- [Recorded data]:
::::::::::

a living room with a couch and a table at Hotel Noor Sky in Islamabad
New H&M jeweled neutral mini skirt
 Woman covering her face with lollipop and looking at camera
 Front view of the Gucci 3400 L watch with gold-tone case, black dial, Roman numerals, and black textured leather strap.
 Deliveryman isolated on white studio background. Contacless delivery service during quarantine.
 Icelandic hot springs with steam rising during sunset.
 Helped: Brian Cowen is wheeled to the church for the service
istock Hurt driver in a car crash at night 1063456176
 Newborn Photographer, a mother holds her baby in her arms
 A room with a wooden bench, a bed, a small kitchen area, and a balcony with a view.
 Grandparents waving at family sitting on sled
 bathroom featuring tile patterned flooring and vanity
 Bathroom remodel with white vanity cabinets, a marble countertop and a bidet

::::::::::

- [What to do]: Return the lines beginning at the one that contains "Newborn Photographer, a" and continuing through the last line of the data, exactly as they stand and without any others.

- [Answer space]:
 Newborn Photographer, a mother holds her baby in her arms
 A room with a wooden bench, a bed, a small kitchen area, and a balcony with a view.
 Grandparents waving at family sitting on sled
 bathroom featuring tile patterned flooring and vanity
 Bathroom remodel with white vanity cabinets, a marble countertop and a bidet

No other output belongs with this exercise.